ADF STAFF
Russia’s ongoing war with Ukraine has caused grain and fertilizer prices to skyrocket across Africa. About 40% of wheat consumed on the continent comes from the warring nations, driving unprecedented food insecurity and raising the risk of famine.
African Union (AU) Chairperson and Senegalese President Macky Sall confronted Putin about the crisis during an in-person meeting in Russia on June 3.
“I have come to see you, to ask you to be aware that our countries, even far from the theater (of war), are the victims of this economic crisis,” Sall told Putin, according to a Reuters report.
Sall said the lack of fertilizer was the biggest issue since farmers need it to grow food.
“The [fertilizer] situation was already difficult, and now it is even more difficult, and this has consequences for food security in Africa,” Sall said, according to a report by news website RepublicWorld.com.
Many of Ukraine’s ports in the Black Sea have been blocked for exports since Russia invaded in February. Russia’s Navy controls access to the Ukrainian ports. Sall said Putin promised to ease the export of cereals and fertilizer, but the Russian leader offered no details, according to Reuters.
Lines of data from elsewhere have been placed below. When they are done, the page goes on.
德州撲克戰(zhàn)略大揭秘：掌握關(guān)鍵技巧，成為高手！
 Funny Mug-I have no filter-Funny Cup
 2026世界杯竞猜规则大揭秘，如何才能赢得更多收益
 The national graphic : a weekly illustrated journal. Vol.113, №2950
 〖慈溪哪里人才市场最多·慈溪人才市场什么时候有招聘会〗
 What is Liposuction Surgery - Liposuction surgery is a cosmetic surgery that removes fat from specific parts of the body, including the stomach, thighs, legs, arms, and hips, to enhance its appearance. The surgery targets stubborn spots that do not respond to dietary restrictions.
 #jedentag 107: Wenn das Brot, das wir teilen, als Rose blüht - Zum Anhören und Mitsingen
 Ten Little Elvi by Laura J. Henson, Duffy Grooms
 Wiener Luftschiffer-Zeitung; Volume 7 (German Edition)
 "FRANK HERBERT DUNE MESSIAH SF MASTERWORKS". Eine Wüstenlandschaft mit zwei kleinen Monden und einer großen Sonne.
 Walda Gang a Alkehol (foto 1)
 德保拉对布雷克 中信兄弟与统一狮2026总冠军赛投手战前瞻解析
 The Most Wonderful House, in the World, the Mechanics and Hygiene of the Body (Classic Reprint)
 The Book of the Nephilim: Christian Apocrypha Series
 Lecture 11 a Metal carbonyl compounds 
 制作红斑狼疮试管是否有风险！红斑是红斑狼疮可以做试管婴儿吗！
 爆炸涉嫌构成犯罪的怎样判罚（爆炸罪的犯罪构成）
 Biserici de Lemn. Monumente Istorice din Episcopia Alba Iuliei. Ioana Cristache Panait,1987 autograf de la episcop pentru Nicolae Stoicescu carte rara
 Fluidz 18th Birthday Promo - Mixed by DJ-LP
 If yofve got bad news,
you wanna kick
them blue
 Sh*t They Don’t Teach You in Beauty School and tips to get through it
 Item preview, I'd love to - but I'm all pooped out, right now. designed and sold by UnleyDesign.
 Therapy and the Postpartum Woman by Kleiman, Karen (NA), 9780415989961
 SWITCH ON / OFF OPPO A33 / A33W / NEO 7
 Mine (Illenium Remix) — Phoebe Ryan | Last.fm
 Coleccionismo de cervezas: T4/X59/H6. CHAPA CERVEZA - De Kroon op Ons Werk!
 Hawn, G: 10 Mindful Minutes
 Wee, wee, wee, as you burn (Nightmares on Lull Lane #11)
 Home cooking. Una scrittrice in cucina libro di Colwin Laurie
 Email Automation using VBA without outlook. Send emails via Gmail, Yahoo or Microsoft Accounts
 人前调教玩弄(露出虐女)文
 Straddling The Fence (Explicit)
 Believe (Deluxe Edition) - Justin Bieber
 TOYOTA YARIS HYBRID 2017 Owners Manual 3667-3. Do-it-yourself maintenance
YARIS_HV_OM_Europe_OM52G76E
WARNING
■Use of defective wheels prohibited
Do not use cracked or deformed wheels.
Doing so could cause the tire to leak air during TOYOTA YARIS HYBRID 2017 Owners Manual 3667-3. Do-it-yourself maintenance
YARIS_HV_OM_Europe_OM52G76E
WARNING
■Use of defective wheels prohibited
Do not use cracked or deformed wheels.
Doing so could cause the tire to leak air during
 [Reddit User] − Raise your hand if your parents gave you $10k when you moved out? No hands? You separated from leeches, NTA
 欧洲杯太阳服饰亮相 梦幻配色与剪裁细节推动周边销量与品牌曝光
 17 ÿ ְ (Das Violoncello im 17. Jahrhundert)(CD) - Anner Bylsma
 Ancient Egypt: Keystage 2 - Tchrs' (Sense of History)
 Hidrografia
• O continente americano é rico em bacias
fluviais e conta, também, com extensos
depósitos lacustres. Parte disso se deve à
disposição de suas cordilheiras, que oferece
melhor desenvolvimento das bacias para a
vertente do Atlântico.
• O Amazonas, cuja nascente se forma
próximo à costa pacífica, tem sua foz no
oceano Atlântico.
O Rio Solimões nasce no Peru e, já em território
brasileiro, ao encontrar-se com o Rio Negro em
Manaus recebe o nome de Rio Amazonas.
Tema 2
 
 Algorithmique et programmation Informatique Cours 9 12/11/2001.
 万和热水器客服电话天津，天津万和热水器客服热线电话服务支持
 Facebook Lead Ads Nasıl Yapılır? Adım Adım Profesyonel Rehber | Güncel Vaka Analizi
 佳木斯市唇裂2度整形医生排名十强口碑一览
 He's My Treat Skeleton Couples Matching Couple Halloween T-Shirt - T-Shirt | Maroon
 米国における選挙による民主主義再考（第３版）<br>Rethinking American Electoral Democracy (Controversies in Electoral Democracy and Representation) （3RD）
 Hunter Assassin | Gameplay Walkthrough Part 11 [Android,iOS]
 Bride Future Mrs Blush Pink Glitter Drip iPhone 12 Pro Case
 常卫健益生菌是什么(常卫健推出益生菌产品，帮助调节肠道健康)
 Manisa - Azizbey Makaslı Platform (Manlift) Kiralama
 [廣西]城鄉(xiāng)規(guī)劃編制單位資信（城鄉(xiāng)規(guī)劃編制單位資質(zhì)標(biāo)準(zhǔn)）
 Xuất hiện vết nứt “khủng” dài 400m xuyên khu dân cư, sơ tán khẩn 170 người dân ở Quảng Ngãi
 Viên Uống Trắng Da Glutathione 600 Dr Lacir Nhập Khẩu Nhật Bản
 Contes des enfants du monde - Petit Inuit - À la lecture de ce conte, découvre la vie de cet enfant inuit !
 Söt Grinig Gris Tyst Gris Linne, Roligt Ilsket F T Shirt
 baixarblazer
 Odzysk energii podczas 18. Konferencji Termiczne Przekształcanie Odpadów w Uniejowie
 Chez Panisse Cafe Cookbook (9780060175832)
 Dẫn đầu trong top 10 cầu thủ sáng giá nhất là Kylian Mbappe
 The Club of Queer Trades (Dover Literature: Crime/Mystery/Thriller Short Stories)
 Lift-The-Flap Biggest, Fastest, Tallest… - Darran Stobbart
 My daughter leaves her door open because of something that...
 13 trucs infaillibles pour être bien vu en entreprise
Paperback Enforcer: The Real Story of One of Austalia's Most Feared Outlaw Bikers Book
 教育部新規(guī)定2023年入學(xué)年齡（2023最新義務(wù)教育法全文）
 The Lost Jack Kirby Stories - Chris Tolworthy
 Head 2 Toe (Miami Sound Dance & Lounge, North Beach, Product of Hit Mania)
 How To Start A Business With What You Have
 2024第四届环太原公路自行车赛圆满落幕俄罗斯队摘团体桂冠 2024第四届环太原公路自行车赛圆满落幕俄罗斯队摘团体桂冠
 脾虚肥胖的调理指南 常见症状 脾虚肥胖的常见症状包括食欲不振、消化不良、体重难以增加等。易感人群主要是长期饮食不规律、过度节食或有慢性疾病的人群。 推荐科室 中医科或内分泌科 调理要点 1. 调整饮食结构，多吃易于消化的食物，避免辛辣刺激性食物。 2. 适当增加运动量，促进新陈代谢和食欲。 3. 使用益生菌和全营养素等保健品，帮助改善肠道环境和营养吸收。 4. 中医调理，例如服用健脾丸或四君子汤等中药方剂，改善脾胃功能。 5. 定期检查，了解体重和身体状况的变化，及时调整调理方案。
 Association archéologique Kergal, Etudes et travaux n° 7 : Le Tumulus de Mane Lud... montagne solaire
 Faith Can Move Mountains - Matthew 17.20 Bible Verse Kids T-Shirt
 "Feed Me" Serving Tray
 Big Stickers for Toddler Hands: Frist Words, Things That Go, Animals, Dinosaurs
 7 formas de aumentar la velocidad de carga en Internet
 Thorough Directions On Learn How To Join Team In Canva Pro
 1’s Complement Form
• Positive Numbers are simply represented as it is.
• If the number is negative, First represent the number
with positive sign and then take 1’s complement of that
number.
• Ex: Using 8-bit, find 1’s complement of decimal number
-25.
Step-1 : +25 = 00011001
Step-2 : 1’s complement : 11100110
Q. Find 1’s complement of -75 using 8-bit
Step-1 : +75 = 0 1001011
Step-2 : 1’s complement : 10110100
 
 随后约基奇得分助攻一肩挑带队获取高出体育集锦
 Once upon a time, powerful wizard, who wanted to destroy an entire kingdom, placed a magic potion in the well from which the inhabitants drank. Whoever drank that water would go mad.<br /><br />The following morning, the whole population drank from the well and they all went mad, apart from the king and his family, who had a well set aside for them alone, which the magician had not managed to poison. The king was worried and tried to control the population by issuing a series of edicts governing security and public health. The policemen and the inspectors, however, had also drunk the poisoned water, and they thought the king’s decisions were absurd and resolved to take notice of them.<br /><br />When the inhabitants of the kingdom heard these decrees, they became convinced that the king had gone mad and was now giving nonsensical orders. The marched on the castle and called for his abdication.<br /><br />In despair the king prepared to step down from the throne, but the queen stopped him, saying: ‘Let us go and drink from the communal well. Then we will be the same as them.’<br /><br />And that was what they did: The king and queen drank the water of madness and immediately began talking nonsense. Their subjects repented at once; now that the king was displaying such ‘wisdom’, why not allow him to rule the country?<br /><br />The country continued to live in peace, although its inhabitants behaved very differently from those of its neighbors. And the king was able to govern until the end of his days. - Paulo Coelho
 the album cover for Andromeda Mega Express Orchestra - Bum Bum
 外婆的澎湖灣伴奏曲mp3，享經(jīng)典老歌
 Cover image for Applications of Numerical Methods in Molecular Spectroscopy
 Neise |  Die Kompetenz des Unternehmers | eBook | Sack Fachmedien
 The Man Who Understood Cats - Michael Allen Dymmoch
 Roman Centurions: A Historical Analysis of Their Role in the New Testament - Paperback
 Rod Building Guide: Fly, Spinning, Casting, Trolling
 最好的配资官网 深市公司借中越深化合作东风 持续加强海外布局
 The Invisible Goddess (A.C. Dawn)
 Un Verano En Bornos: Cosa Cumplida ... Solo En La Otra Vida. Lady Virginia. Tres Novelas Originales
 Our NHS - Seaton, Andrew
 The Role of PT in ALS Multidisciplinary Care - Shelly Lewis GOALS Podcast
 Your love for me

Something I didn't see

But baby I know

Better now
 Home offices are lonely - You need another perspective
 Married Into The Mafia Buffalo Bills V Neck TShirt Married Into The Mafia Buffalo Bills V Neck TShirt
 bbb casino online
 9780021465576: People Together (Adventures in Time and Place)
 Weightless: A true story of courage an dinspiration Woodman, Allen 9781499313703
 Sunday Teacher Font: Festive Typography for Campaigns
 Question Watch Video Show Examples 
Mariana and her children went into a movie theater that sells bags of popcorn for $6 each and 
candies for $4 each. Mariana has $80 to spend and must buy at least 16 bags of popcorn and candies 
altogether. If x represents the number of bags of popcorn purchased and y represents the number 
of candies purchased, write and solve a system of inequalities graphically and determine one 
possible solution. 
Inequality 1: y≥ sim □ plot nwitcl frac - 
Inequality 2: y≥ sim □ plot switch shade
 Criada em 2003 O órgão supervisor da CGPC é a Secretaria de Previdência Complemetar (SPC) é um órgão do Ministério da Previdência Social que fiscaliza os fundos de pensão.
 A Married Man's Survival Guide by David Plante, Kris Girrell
Amin Awad, United Nations crisis coordinator for Ukraine, said the organization is working to secure the release of grain stuck in the country’s Black Sea ports.
“The negotiations are going on,” Awad said in a report by ReliefWeb. “There (are) a lot of details and shuttling between Moscow and other countries that have concerns and the negotiations continue. But there’s no clear-cut emerging solution right now because it’s a board of puzzles that they have to move it together.”
More Than 80 Million Suffering
Mike Dunford, head of the World Food Programme, told the BBC that more than 80 million people were acutely food insecure or acutely hungry in Africa — up from about 50 million people at the same time last year.
Chad has been particularly hard hit. The landlocked nation’s transitional government declared a food and nutrition emergency in early June. About one-third of the population needs food aid, according to the U.N., and the country has pleaded with the international community for help.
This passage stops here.